▶ WORK TO BE COMPLETED: Give back only the lines from the one with "Re: 로또나 토토(아르바이트)생 마감 관련 고견좀 문의 드립니다. 이미지" through the last line of the data, exactly as they appear.

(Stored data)
*** Begin section ***
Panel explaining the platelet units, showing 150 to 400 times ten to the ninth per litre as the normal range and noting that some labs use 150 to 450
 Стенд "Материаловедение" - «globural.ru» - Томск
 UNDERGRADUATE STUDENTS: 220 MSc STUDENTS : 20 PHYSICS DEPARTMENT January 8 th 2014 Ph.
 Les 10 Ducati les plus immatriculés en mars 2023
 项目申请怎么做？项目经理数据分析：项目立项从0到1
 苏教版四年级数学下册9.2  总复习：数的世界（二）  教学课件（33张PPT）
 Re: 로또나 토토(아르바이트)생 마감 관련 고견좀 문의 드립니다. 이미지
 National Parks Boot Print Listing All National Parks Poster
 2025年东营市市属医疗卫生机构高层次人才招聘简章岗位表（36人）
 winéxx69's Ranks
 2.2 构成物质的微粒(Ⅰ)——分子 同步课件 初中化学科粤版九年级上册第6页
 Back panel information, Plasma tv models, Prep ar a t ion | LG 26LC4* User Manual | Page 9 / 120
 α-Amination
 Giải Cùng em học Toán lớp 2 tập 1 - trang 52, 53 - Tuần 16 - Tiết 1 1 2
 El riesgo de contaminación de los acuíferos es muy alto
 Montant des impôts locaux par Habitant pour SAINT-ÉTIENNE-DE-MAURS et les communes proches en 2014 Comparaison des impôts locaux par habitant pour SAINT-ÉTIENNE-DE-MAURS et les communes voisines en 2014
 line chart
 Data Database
*** End section ***
▶ EXERCISE SOLUTION:
 Re: 로또나 토토(아르바이트)생 마감 관련 고견좀 문의 드립니다. 이미지
 National Parks Boot Print Listing All National Parks Poster
 2025年东营市市属医疗卫生机构高层次人才招聘简章岗位表（36人）
 winéxx69's Ranks
 2.2 构成物质的微粒(Ⅰ)——分子 同步课件 初中化学科粤版九年级上册第6页
 Back panel information, Plasma tv models, Prep ar a t ion | LG 26LC4* User Manual | Page 9 / 120
 α-Amination
 Giải Cùng em học Toán lớp 2 tập 1 - trang 52, 53 - Tuần 16 - Tiết 1 1 2
 El riesgo de contaminación de los acuíferos es muy alto
 Montant des impôts locaux par Habitant pour SAINT-ÉTIENNE-DE-MAURS et les communes proches en 2014 Comparaison des impôts locaux par habitant pour SAINT-ÉTIENNE-DE-MAURS et les communes voisines en 2014
 line chart
 Data Database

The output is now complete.